The insult unjustly visited on him had been terror-inspired. I understood that, personally. I had felt the inescapable fear—even as I understood that assumptions were being made about the color of the man’s skin. I look ahead to a day when we’ll have given up preconceptions about race. Acknowledging that we have a ways to go before we reach that day, we’re still left with the question: What should be done about terrorists? And assuming we’ve not come to the point where we’re going to declare overthrow of the U.S. government to be as American as apple pie, what can be done about insurrectionists? Do we want to do nothing—let homegrown terrorism spread, and see life in the U.S. become a long, nervous walk down a series of narrowing metal chutes?

I don’t.

I’ve lived long enough, have collected enough evidence through experience, to conclude a few things. The first is that the impulse to violence has no particular skin color. It has no single national, ethnic, or religious identity, and it’s inconsistent and illogical. A terrorist or insurrectionist can carry, for example, both a cross and an AK47. Resorting to violence between perceived groups—like the Lockerbie bomber did—or opting for violent insurrection within a group—like what happened at the Capitol—is, I believe, at its root a moral and character failure. I see it to be the place of family, church, and school to counter that, especially early in life.

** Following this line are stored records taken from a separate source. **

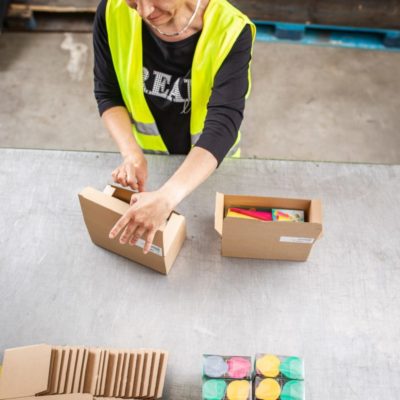 Fulfillment Aktionsverpackung Packaging Lohnverpacker Lohnpacker Lohnverpackungsservice Copacking 6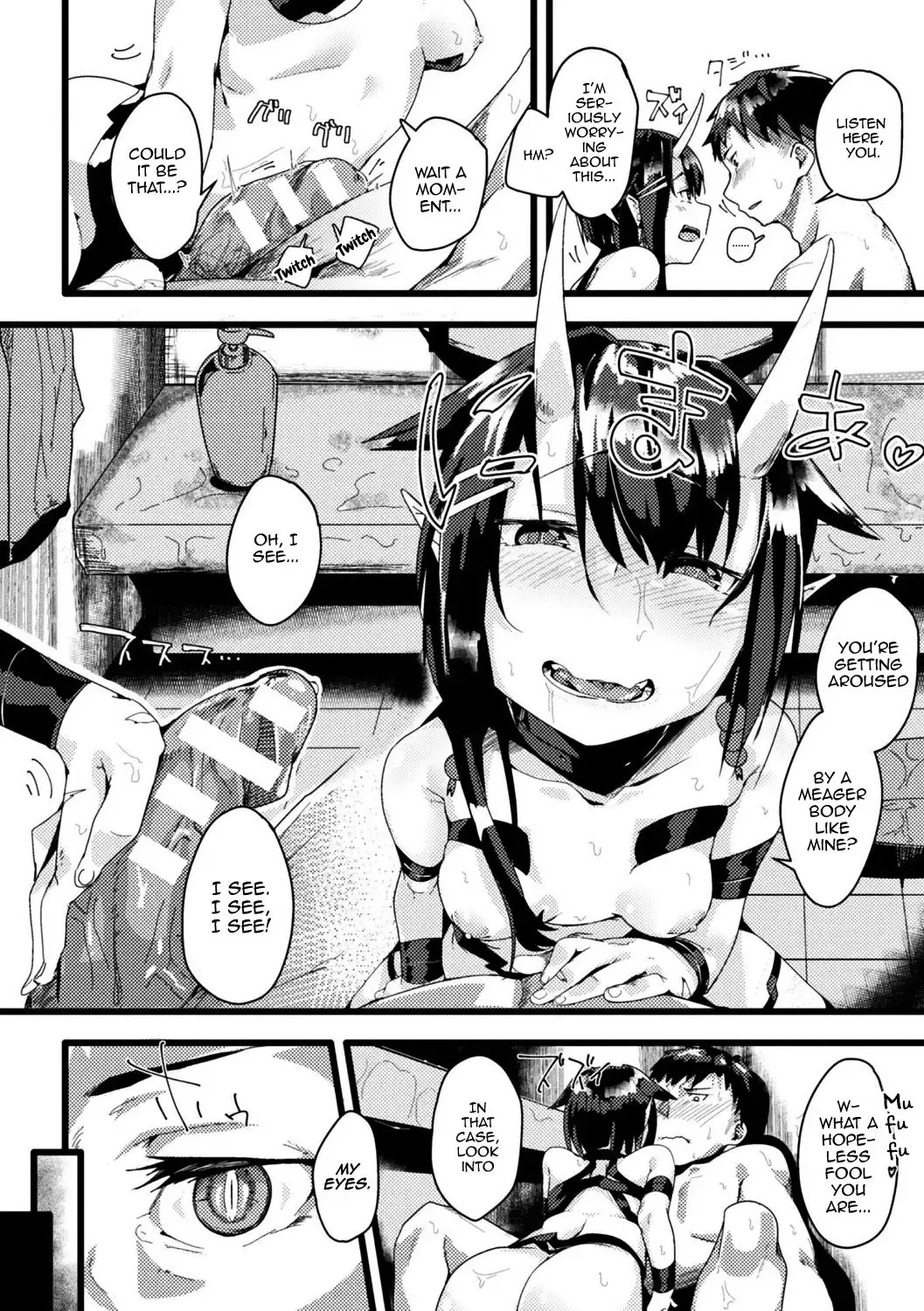 [Uno Ryoku] Onikko Aftercare Fhentai - Page 6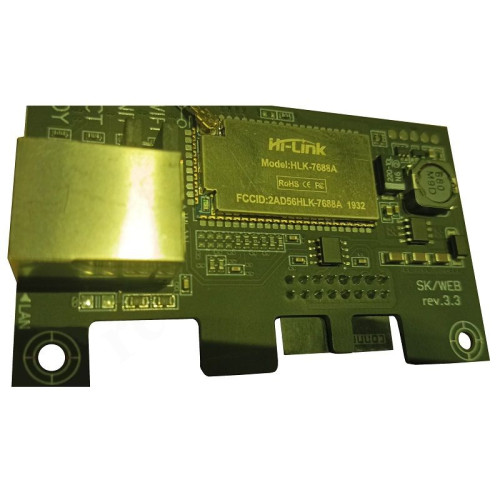 Плата WEB для SK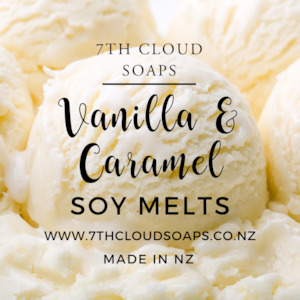Soy Wax Melts - Vanilla & Caramel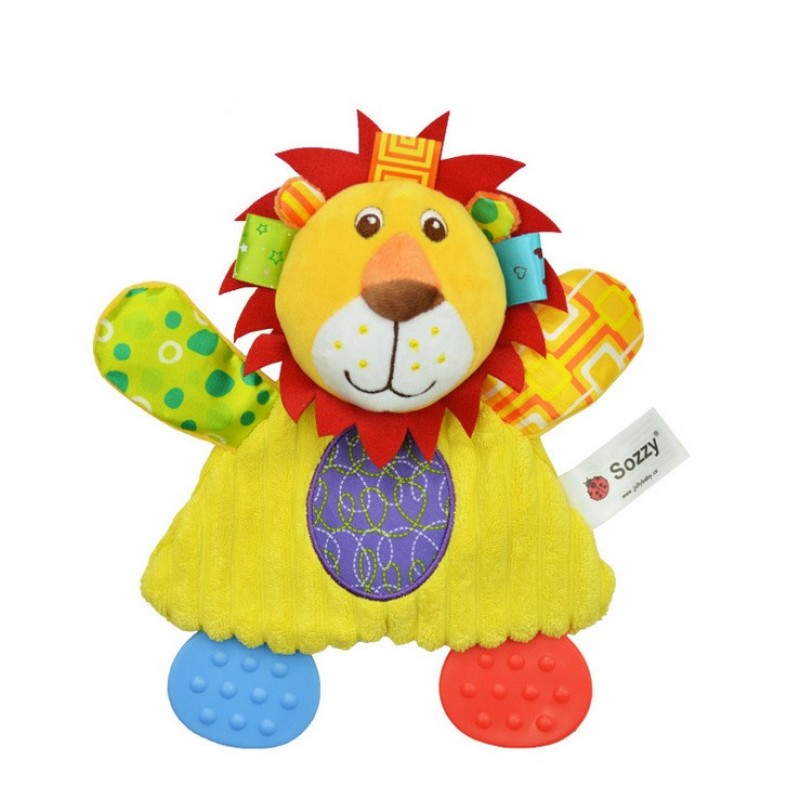 Soft Baby Doll Comforter With Teethers โ photo 4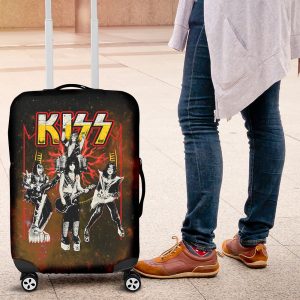 Kiss Band Luggage Cover - ANHNV 3132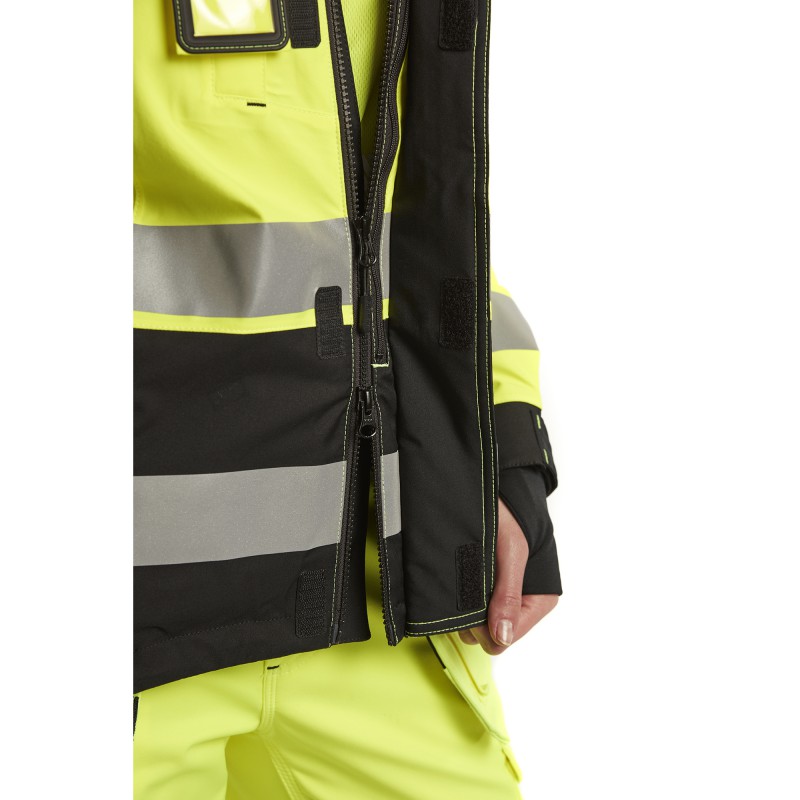Dames Shell jack High Vis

Whatever our influences, of course, we humans are creatures of choice and will, choices bringing reward or consequences. As the people of a democratic society, we need to say often and out loud that, in this country, actions like what we saw at the Capitol are illegal and won’t be tolerated. More than that, we need to demand that laws be passed that specifically outlaw homegrown (domestic) terrorism. I was recently shocked to learn that we have no laws under which to prosecute domestic terrorism.

We do ourselves no favor if we look the other way as our democratic institutions fail to stop miscreants and scofflaws, no matter who the offender is—a neighbor down the street, a member of Congress, or even the President. This is not a matter of political party affiliation. Do we, or do we not, hold to the idea that no one is above the law? The word miscreant, by the way, derives from Old French for disbelieve. When I discovered that fact, having gone to a dictionary, it struck me as sadly appropriate, given that we’re plagued now by wild conspiracy theories and notions of “alternate facts.”

Back to my Insurrection Apple Pie. By the time, that evening, I’d whipped the cream and taken my first bite, there was a sour taste in my mouth that even the sugary goodness on my plate couldn’t overcome. According to news sources, our outgoing President, an accidental master of irony, had by then tweeted, “Go home with love & in peace. Remember this day forever!” When Congress later reconvened—light at the end of a dismal day—many members of the Senate and House persisted in their pre-announced objections. In the face of a catastrophe that shouldn’t have happened, on a day when personal reflection and examination were in order, they instead hunkered down—over votes that had been recounted multiple times and affirmed by government agencies and the courts. I felt disgust as I listened to senators make their empty and unsupported claims, and I went to bed.

I would certainly remember this day forever.